Here's a post about indexing ZIP archives in the same style as the one I did on PDF indexing. The search engine makes use of IFilters to be able to read the specific structure of a certain file type and retrieve information from it that it puts in an index. When you perform a search query you will see the information from the index. If it weren't for IFilters you could only search on file name and metadata.

[Indexing Server]: the server(s) in the SharePoint Farm that has/have the "Indexing" Role assigned. In a small farm this can be a single server for all roles.
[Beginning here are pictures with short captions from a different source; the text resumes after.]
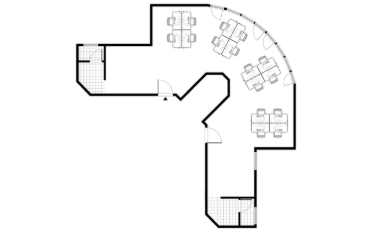 Büro - image - 9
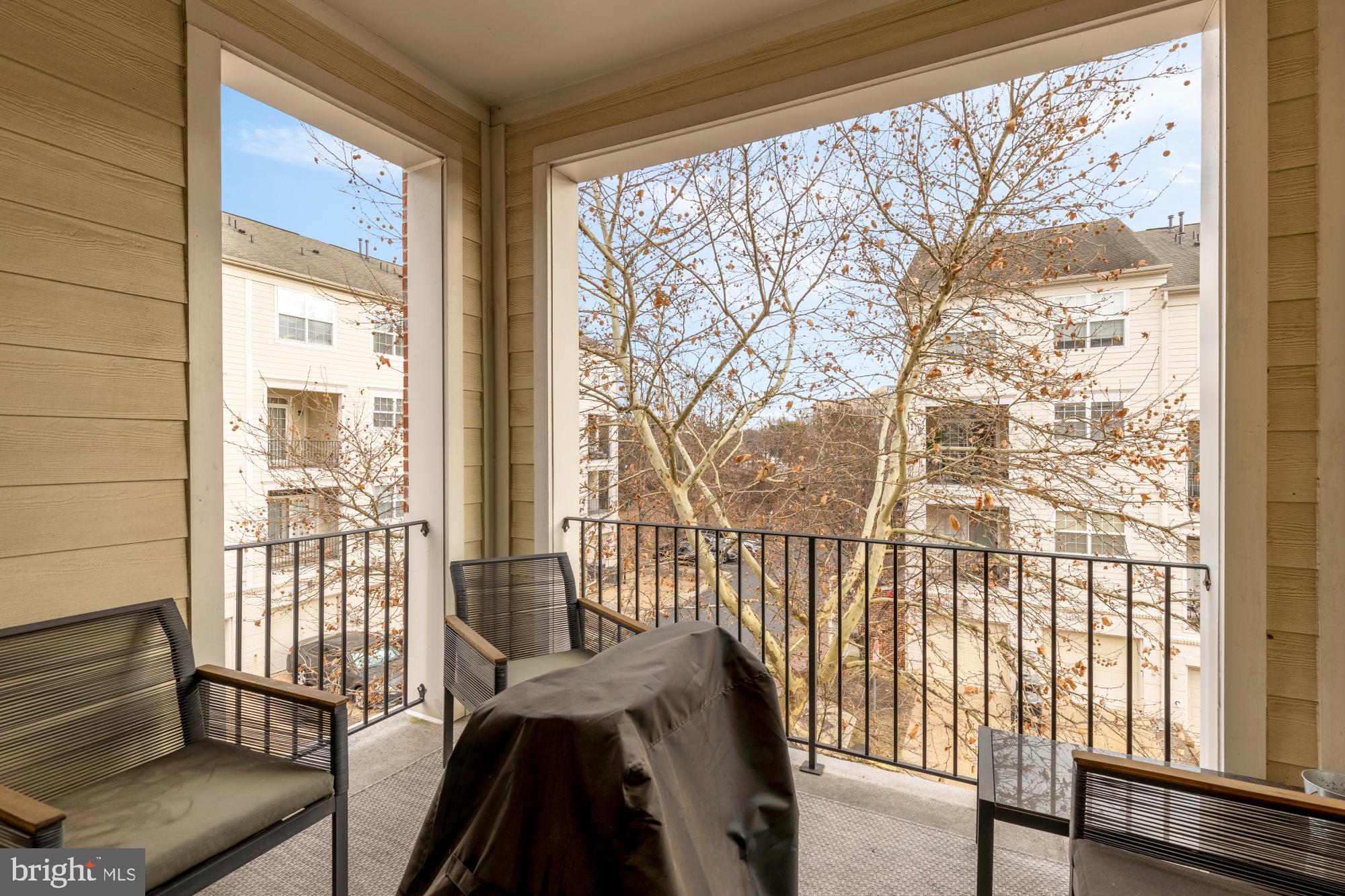 4420 BEECHSTONE LANE B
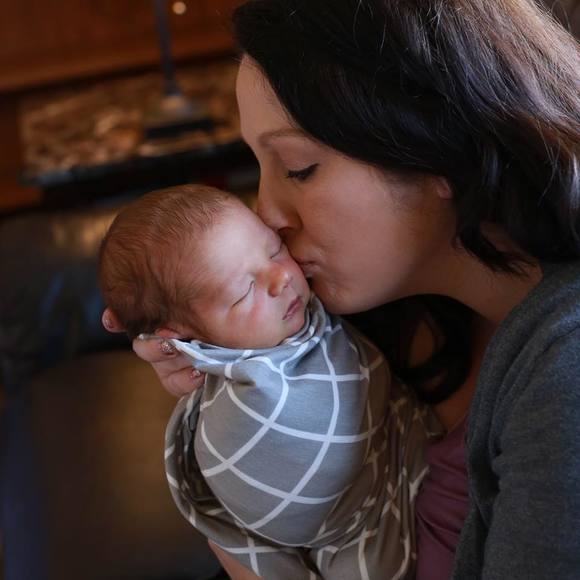 Meet your Posher, Casey - Picture 1 of 1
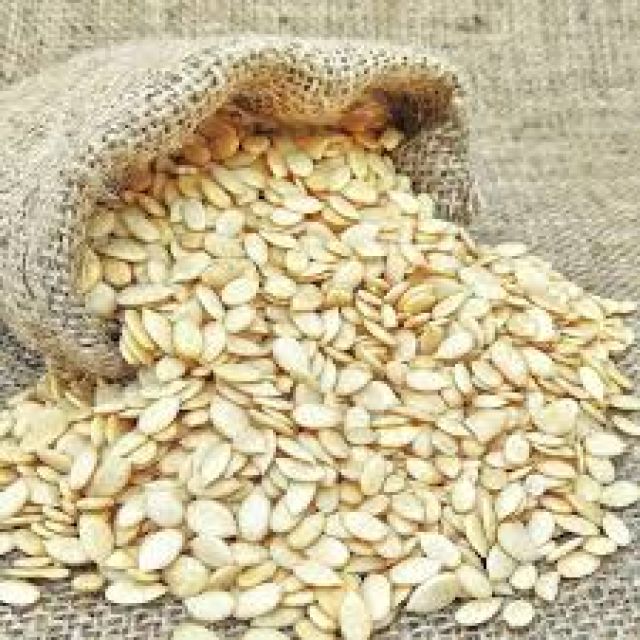 watermelon seeds 250g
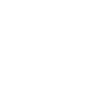 Otter heartbeat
[Web Front End Server]: the server(s) in the SharePoint Farm  that has/have the "Web Front End" Role assigned. In a small farm this can be a single server for all roles.
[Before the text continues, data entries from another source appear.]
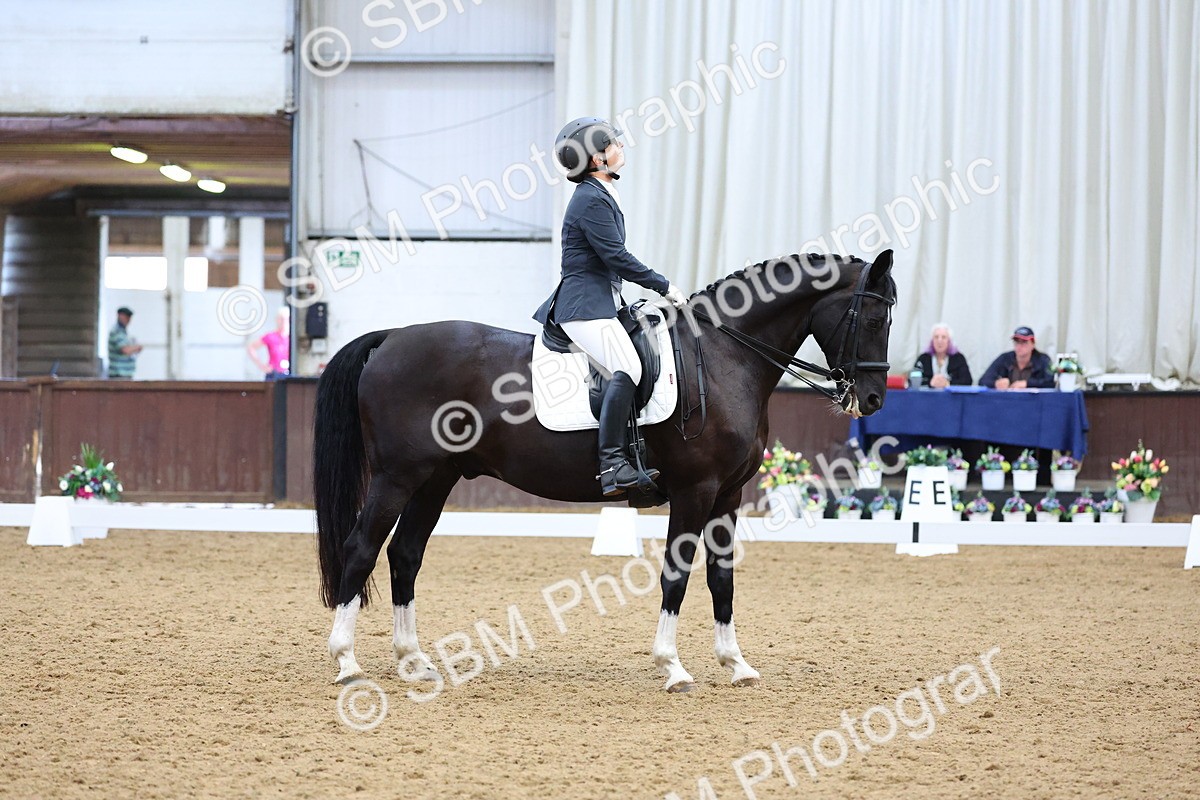 SBM_018992 - Class 18 - AM91 - 17.18-18.22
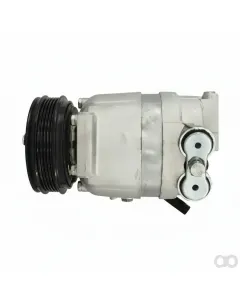 Mccormick - 3676563M91 - Kompressor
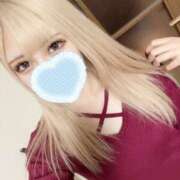 ヒメ日記 2026/07/24 04:40 投稿 ここみ★衝撃なる正統派美女 BEPPIN SELECTION ～べっぴんセレクション～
Windows SharePoint Services 3.0

[Indexing Server]

  1. Install the ZIP IFilter (see below for a list of available IFilters)
  2. Add the .zip file type to the index list:
    1. Open the Registry Editor (Start > Run > regedit)
    2. Go to HKEY_LOCAL_MACHINE\SOFTWARE\Microsoft\Shared Tools\Web Server Extensions\12.0\Search\Applications\<GUID>\Gather\Search\Extensions\ExtensionList
    3. Add a new String Value
      1. Value name: <next value in line>
      2. Value data: zip
  3. Perform an iisreset
  4. Perform a Full Update on the Search content indexes
    1. Open a Command Prompt on the Indexing Server
    2. net stop spsearch
    3. net start spsearch
    4. cd "C:\Program Files\Common Files\Microsoft Shared\Web server extensions\12\BIN"
    5. stsadm.exe –o spsearch -action fullcrawlstop
    6. stsadm.exe –o spsearch -action fullcrawlstart

[Web Front End Server]

The zip icon registration is available out of the box.

Microsoft Office SharePoint Server 2007

[Indexing Server]

  1. Install the ZIP IFilter (see below for a list of available IFilters)
  2. Add the .zip file type to the index list:
    1. Go to Central Administration, then to the Shared Services Administration Web of the current SSP, go to Search Settings and next to File Type
    2. Add a new file type zip
  3. Perform an iisreset
  4. Perform a Full Update on the Search content indexes
    1. Open a Command Prompt on the Indexing Server
    2. net stop osearch
    3. net start osearch
    4. Go to Central Administration, then to the Shared Services Administration Web of the current SSP, go to Search Settings and start a full crawl of all locations containing ZIP files

[Web Front End Server]

The zip icon registration is available out of the box.

Available IFilters

IFilterShop ZIP IFilter

  • requires a license
  • 32 bit and 64 bit (applies to the [Indexing Server])
  • Note: I haven't gotten this one to work. After installation and configuration I'm receiving the following for all crawled ZIP items: Crawled (The filtering process could not load the item. This is possibly caused by an unrecognized item format or item corruption. )

Citeknet ZIP IFilter

  • requires a license
  • 32 bit and 64 bit (applies to the [Indexing Server])
  • Currently version 2.1 Beta
  • Works very nice in the test setup. Haven't seen it in production or stress tests.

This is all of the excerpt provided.